# [Assignment]
Each entry below must come back exactly as written, without its pictures.

# [Provided material]
┌──
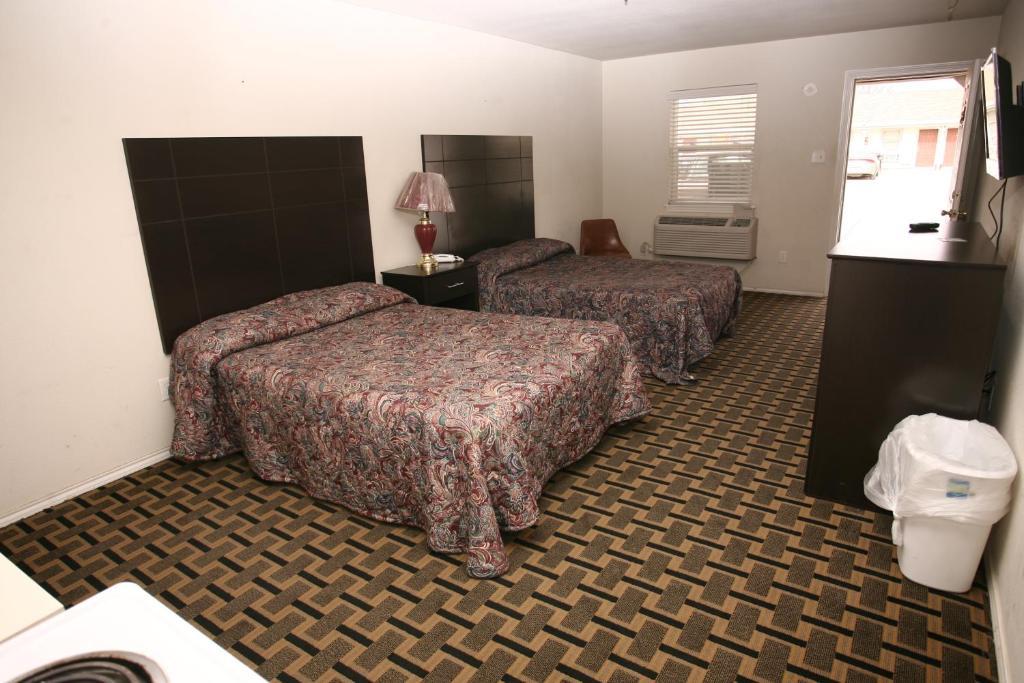 Andrews Motor Inn Szoba fotó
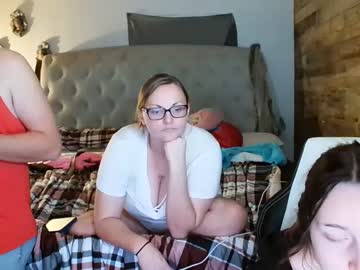 couple Webcam Sex Crazed Girls with alissapaige2005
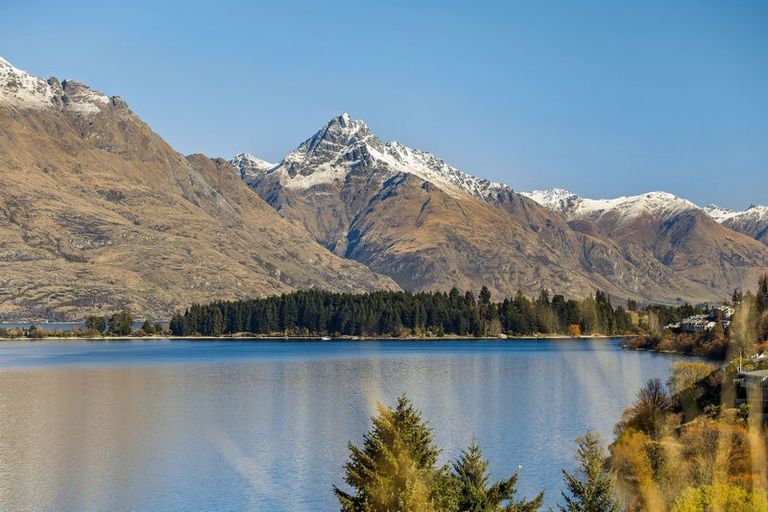 Photo of property in 651 Frankton Road, Queenstown, 9300
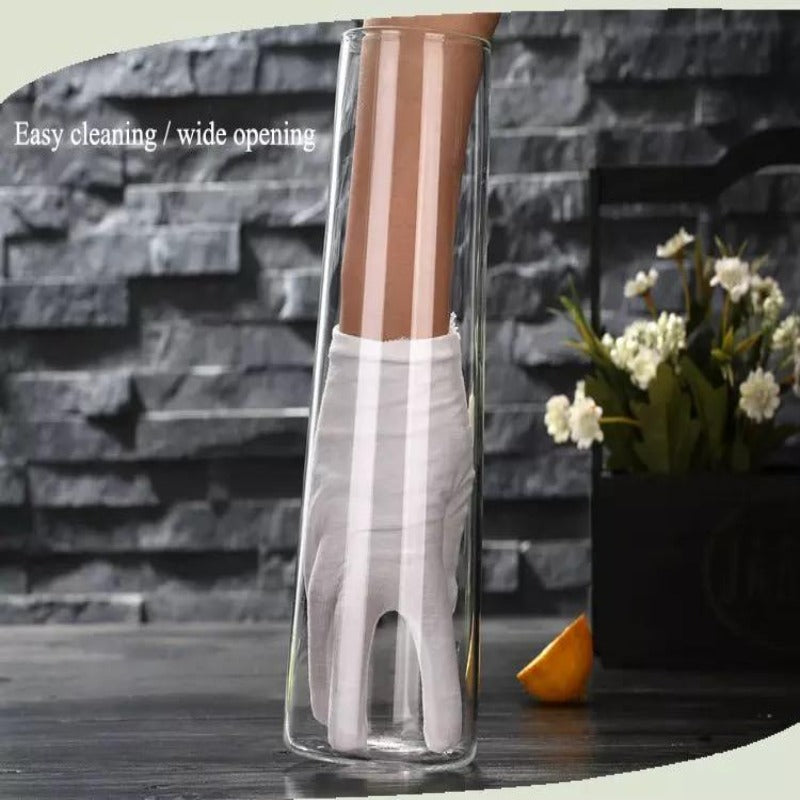 SLEEK GLASS WATER JUG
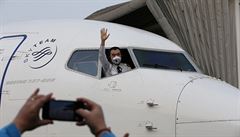 �ínský pilot zdraví lid p�ed prvním letem z Wu-chanu.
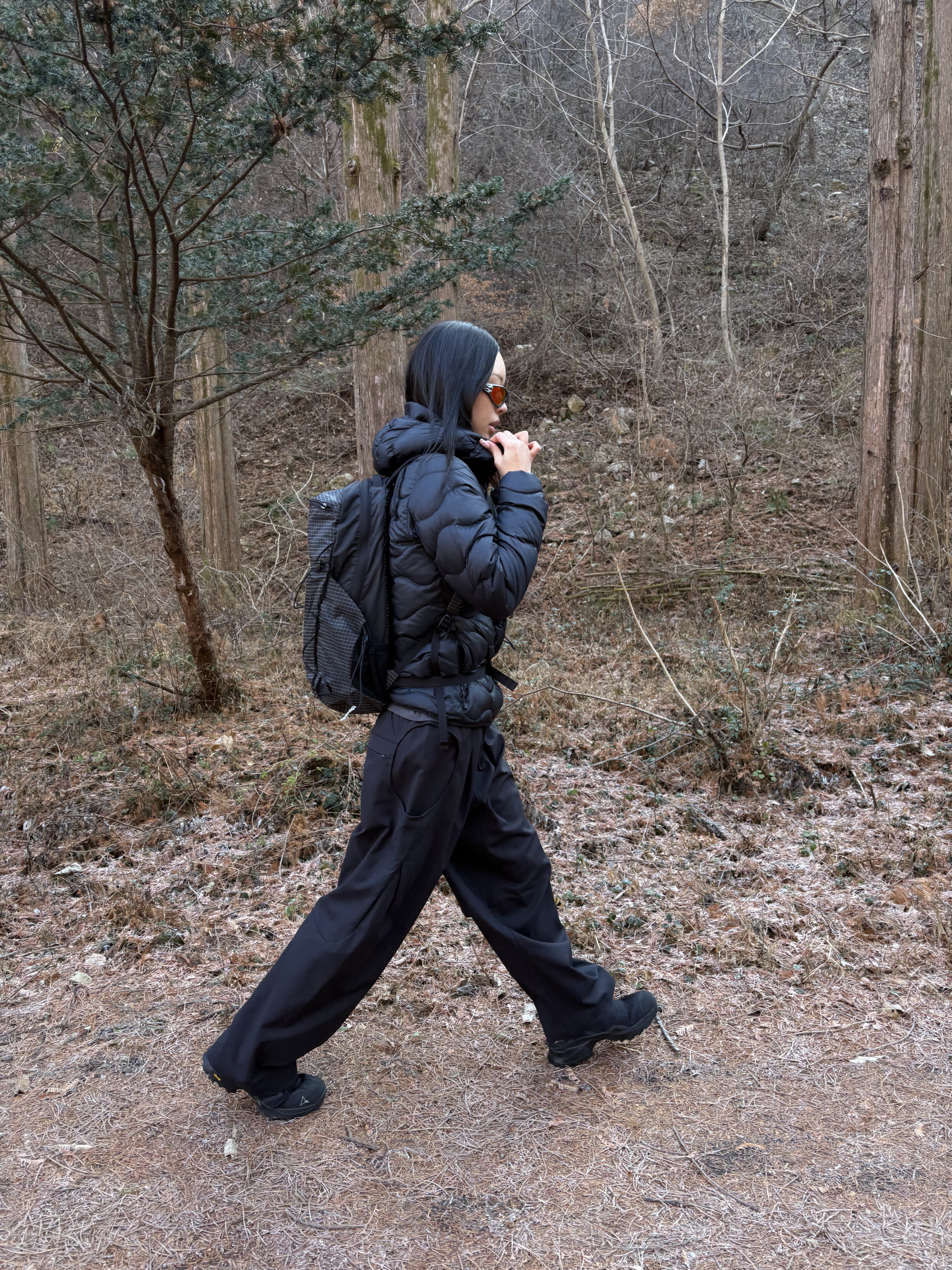 Oakley Factory Team x Brain Dead Straight Jacket 99 Sunglasses X-Silver, Arc'teryx Aerios 18 Backpack Black 착용 스타일 - 3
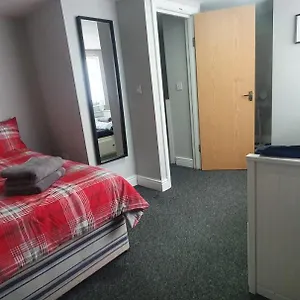 Apartment 1 Bedroom Flat, Sleeps Up To 5ppl, Center 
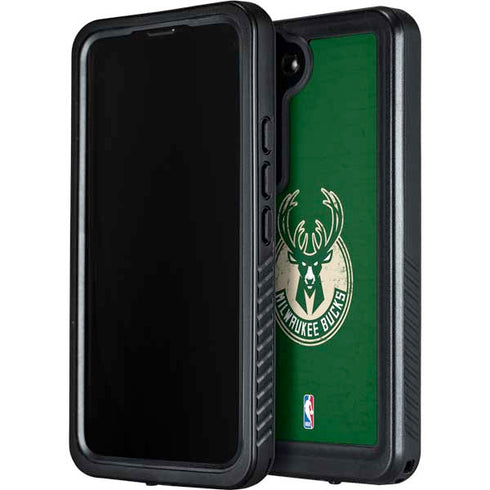 NBA Milwaukee Bucks Green Distressed Galaxy S24 Plus Waterproof Case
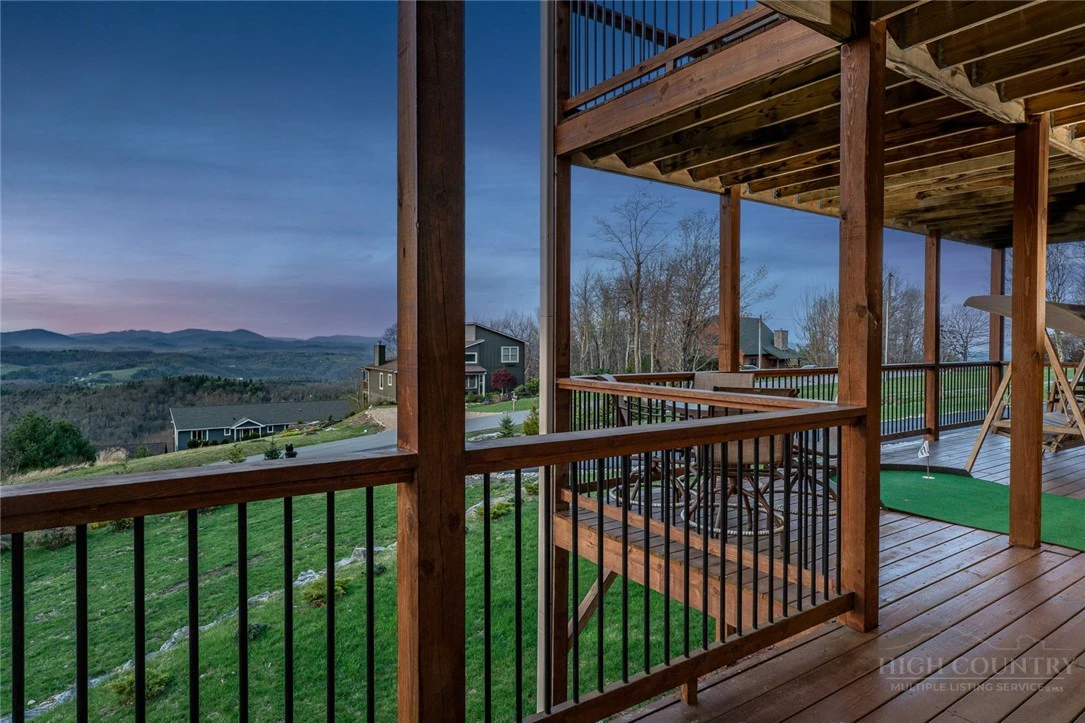 Image number 18 for the current listing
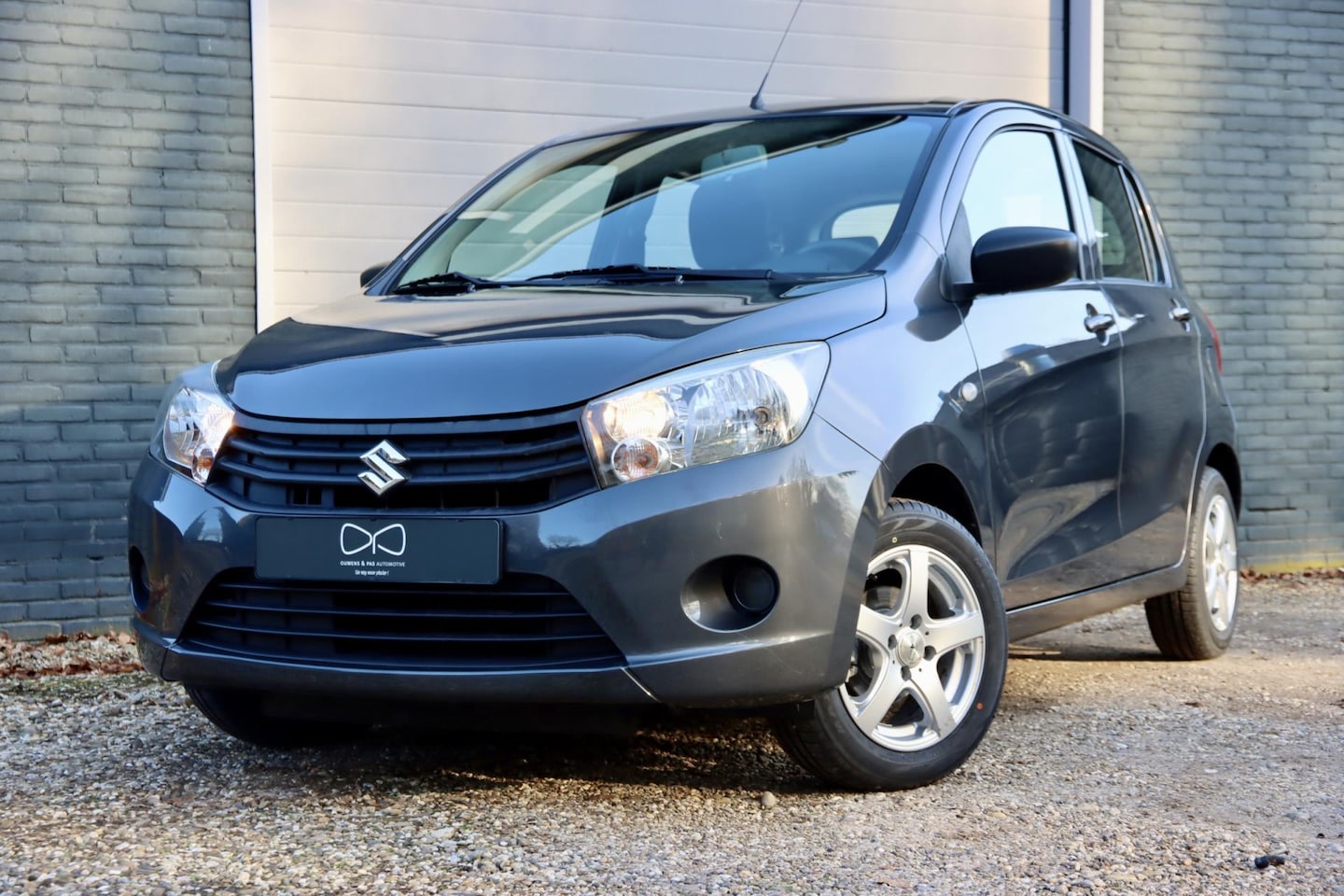 Suzuki Celerio - 1.0 Comfort AUTOMAAT | AIRCO | BLUETOOTH | TREKHAAK - AutoWereld.nl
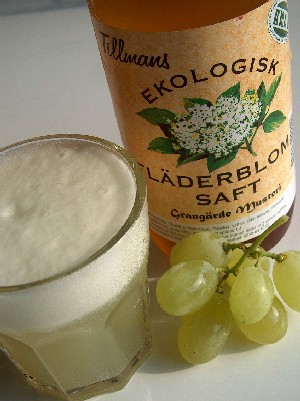 white grape & elderflower drink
└──
# [Response for this exercise]
 Andrews Motor Inn Szoba fotó
 couple Webcam Sex Crazed Girls with alissapaige2005
 Photo of property in 651 Frankton Road, Queenstown, 9300
 SLEEK GLASS WATER JUG
 �ínský pilot zdraví lid p�ed prvním letem z Wu-chanu.
 Oakley Factory Team x Brain Dead Straight Jacket 99 Sunglasses X-Silver, Arc'teryx Aerios 18 Backpack Black 착용 스타일 - 3
 Apartment 1 Bedroom Flat, Sleeps Up To 5ppl, Center 
 NBA Milwaukee Bucks Green Distressed Galaxy S24 Plus Waterproof Case
 Image number 18 for the current listing
 Suzuki Celerio - 1.0 Comfort AUTOMAAT | AIRCO | BLUETOOTH | TREKHAAK - AutoWereld.nl
 white grape & elderflower drink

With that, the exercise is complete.